| Exercise aim |
A faithful copy is needed of the lines below from the one with "MIB daily chart. Source: TradingView" up to and including the one with "Weather Forecast for Canyon Country, CA"; set it down with no pictures and no other lines.

===== Source material

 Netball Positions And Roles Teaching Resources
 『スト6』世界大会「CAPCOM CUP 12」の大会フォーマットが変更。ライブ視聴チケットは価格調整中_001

==========
===== Source material

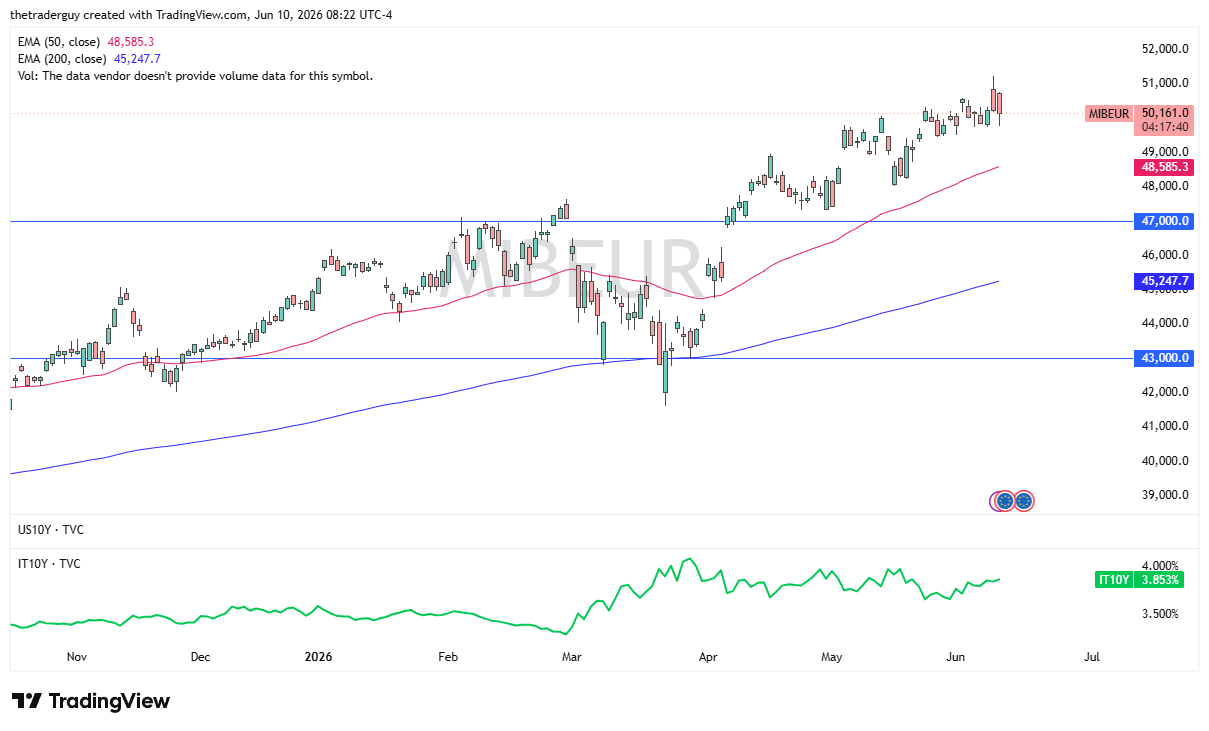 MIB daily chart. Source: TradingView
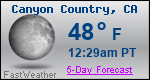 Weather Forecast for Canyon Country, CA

==========

| Task result |
 MIB daily chart. Source: TradingView
 Weather Forecast for Canyon Country, CA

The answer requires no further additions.